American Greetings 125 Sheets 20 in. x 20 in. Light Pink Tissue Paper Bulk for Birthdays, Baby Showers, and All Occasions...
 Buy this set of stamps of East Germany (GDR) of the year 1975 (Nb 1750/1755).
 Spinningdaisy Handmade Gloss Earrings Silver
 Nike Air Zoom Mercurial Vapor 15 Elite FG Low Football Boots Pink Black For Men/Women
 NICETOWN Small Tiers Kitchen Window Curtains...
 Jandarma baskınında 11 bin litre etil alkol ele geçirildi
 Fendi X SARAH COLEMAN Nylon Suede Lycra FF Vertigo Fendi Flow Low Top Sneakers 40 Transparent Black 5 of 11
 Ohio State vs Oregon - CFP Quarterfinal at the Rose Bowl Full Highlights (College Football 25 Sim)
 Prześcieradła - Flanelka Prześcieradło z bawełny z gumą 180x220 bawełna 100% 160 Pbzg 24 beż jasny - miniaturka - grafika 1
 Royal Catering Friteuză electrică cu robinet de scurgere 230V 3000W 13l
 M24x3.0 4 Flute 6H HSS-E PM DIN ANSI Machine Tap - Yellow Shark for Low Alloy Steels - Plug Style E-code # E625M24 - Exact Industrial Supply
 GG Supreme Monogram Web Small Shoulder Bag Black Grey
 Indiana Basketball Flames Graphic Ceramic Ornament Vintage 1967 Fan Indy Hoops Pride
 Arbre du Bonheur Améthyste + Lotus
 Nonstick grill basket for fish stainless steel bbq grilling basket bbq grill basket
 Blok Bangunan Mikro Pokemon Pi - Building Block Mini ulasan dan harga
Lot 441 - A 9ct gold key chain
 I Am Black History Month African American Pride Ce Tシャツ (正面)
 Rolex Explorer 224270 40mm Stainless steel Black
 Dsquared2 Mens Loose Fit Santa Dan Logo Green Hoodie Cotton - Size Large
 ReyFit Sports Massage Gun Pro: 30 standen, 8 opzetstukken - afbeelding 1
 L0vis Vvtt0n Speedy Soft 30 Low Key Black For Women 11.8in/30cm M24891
┄┄┄┄┄┄
_THE PROBLEM_
Among the lines of the data, identify those with the word "Women". Copy each of them.

_YOUR SOLUTION_
 Nike Air Zoom Mercurial Vapor 15 Elite FG Low Football Boots Pink Black For Men/Women
 L0vis Vvtt0n Speedy Soft 30 Low Key Black For Women 11.8in/30cm M24891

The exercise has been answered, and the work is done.